Scraped caption text data:
--- START ---

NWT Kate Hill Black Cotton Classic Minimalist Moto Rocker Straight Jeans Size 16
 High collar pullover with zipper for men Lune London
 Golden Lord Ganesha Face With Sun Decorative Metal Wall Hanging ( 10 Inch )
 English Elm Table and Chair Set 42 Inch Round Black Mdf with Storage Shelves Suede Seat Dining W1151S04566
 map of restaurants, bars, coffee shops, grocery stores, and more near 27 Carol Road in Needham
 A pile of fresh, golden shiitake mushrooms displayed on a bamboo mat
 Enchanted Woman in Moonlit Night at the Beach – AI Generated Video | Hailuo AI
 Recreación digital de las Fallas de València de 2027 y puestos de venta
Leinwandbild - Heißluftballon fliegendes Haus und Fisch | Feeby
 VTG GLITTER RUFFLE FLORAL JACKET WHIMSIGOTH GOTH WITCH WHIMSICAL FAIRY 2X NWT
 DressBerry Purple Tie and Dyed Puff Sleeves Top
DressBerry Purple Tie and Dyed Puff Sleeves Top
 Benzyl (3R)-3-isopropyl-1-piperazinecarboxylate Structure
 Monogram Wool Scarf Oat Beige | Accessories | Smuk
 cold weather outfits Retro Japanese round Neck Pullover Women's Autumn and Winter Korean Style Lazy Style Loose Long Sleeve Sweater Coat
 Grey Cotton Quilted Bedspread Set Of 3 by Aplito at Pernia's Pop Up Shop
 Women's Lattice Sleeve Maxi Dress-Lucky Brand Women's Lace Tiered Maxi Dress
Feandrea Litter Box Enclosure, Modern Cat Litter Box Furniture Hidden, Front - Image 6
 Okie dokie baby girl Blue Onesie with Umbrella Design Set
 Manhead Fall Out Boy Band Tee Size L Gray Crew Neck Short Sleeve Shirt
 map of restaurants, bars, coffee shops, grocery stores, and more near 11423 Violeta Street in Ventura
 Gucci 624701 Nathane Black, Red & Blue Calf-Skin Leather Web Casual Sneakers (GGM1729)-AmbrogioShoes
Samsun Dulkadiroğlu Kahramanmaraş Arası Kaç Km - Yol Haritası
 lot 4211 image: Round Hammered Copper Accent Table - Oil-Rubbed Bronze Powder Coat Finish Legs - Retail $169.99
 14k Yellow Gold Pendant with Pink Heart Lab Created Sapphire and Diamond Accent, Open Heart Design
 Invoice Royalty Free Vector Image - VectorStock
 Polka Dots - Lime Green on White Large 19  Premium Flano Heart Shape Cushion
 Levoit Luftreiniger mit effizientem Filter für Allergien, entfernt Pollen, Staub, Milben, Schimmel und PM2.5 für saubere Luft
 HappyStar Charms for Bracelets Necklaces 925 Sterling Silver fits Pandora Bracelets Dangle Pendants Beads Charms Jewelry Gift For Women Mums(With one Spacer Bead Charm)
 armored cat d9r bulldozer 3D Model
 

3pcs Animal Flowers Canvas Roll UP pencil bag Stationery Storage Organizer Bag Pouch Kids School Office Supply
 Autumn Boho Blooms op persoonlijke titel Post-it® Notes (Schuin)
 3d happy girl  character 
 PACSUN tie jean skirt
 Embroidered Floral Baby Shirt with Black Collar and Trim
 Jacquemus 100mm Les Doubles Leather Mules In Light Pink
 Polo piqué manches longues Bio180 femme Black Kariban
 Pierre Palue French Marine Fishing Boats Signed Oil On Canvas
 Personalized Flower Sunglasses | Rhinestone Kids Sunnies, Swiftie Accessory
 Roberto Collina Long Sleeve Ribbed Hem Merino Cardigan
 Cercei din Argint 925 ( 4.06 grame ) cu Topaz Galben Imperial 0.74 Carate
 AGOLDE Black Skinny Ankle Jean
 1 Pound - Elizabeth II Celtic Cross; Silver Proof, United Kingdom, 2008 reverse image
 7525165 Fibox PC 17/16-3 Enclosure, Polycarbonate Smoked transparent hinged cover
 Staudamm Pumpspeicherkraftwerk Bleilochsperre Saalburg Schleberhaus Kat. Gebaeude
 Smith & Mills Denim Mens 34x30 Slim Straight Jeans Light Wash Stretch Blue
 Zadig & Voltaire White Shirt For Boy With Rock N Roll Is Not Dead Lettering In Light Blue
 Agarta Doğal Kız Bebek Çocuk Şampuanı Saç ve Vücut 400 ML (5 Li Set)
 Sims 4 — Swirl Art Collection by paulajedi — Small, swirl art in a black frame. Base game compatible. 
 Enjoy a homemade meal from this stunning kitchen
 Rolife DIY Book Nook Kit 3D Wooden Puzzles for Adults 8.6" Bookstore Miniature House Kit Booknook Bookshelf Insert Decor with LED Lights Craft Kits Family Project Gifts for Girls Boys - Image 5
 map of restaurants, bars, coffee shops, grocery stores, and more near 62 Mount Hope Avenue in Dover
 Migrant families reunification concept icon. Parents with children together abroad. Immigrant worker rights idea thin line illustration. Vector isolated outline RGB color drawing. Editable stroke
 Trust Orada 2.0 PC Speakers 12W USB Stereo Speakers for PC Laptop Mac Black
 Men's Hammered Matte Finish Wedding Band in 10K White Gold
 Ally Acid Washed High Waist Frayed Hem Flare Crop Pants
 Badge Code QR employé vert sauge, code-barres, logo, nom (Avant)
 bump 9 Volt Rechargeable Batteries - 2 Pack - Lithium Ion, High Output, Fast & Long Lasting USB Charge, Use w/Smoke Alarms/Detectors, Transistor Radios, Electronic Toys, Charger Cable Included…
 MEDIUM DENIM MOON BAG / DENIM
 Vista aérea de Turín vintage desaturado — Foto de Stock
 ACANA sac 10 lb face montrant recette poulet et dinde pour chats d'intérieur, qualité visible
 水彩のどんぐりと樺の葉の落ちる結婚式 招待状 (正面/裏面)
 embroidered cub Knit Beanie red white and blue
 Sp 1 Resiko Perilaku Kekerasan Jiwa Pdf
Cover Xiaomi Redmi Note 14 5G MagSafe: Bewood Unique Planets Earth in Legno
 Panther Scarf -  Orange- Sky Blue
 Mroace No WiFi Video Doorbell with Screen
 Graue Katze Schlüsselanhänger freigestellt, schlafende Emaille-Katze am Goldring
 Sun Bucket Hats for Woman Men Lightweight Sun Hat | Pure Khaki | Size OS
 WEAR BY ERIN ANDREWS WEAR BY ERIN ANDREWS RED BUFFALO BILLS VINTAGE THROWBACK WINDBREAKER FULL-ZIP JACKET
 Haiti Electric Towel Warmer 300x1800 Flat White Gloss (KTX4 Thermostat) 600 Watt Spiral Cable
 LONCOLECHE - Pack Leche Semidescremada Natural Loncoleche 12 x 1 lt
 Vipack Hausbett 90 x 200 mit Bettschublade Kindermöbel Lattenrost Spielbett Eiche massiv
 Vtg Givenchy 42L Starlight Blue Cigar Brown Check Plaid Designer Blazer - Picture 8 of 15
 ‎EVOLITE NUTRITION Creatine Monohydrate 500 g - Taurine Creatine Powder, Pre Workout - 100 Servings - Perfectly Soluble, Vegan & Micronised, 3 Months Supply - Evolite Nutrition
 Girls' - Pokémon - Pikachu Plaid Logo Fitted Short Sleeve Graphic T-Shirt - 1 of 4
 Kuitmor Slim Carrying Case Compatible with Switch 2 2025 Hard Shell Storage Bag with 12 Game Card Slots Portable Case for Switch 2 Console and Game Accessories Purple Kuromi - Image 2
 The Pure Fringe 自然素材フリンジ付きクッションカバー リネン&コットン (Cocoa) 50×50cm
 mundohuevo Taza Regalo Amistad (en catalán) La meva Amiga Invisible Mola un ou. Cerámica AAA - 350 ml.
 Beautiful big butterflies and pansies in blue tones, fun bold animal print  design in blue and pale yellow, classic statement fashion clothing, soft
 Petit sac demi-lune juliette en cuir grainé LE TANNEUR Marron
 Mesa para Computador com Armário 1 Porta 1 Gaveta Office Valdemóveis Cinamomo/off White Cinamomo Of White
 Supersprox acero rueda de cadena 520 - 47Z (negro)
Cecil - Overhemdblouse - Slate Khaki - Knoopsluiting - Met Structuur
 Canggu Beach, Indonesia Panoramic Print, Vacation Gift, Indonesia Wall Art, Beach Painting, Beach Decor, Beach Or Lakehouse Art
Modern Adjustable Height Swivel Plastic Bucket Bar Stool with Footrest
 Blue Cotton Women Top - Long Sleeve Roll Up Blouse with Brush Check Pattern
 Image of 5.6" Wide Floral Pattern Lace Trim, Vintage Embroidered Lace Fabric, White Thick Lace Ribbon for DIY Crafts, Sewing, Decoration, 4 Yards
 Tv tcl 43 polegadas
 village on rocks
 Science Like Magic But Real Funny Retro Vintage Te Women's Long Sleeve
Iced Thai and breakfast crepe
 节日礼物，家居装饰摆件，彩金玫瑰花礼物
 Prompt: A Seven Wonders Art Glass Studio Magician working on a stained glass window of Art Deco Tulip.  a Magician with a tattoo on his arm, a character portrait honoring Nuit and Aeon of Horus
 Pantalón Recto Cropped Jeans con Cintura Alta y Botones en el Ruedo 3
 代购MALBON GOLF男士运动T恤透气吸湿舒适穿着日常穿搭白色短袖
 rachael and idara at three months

--- END ---

Look above for the line containing "Canggu Beach, Indonesia" and the line containing "Blue Cotton Women". Transcribe both, with the lines between them, exactly.

# ANSWER BOX
 Canggu Beach, Indonesia Panoramic Print, Vacation Gift, Indonesia Wall Art, Beach Painting, Beach Decor, Beach Or Lakehouse Art
Modern Adjustable Height Swivel Plastic Bucket Bar Stool with Footrest
 Blue Cotton Women Top - Long Sleeve Roll Up Blouse with Brush Check Pattern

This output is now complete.